Although bibliometrics is extensively used in the scholarly world and offers valuable insights into publications, it also has significant limitations that may impact research and the cultivation of a better research culture. As a general rule, never fully trust indicators, always provide context when using them, and avoid relying on a single indicator to assess researchers, departments, or institutions.

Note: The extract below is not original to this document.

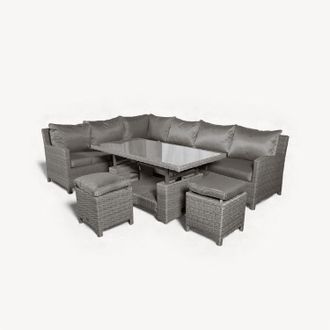 Royalcraft Paris 7pc Deluxe Modular Corner Dining Set in Grey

  • The number of citations is counted within the database. Therefore, the citation count of a research output may differ from one database to another 
  • Citations occur usually some time after the work is published. This may take up to a few years in some subject fields. The length of an academic’s career can make a significant difference in the number of citations. 
  • Citations are mostly derived from journal articles or conference proceedings. Therefore, citations from books, chapters, or other types of works may not be counted.
  • Publication and citation practices are usually different from one discipline to another. For example, articles in the medicine field tend to be published and cited more frequently than the papers in arts and humanities. Therefore, it is important to refrain from making comparisons between different academic fields.
  • The author’s background and gender may have an impact on citation count. Some studies of citation patterns suggest that gender and racial biases exist in citation networks.    
  • Self-citations can be misused to inflate the number of citations. 
  • Non-English research outputs may not be picked up in the citation count. Research is performed across the world in all languages, yet the dominant language for research publishing is English. This can exclude non-English language research from being made discoverable and cited by other readers.  
  • Not all citations signify positive impact. An article can be highly cited because it is controversial, satirical or its claims are being challenged. 
  • Citation practice can vary from one publication type to another. Review articles are usually more cited than original research papers. Therefore, citations must never be used to compare between articles of different types. Using h-index should be avoided to compare researchers or demonstrate impact because of the abovementioned limitations of citations. A higher h-index does not signify the quality of individual research papers. 
  • Journal-based metrics (e.g. Journal Impact Factor) have significant weaknesses and thus should never be used to signify impact since they never show the quality of individual research output. Their calculation is also flawed. Also, the impact factor of a journal is mostly driven by a very few highly cited papers. 
  • Academic work is multi-dimensional, covering a broad range of topics such as research, teaching, administration etc. Therefore, there is no panacea for putting all these dimensions into a single metric.

Alternative metrics are still emerging and should be used with great care. They may also have some limitations:

  • Not everything on the internet is counted. The data aggregators are usually highly selective. They include or exclude some social media platforms, news outlets, or blog post sites for one reason or another. 
  • The paper may not be identified even if it is mentioned on social media. Most of the data aggregators count mentions if the paper is shared with a DOI or a unique identifier.  
  • Social media platforms, news outlets, or blog sites can be unpredictable. They can change their business, discontinue services, or limit the access of third parties to the platform which may affect the number of mentions. 
  • Social media platforms are vulnerable to gaming. The number of mentions can be inflated with one way or another 
  • Not all mentions point to positive impact. There could be negative comments about the paper mentioned on the platform.  
  • Most of the alternative metrics are still not field normalised.  

 

Because of their limitations, metrics should be used with caution and should not be considered the only way to assess impact. Both quantitative and qualitative indicators should be used together to assess research performance.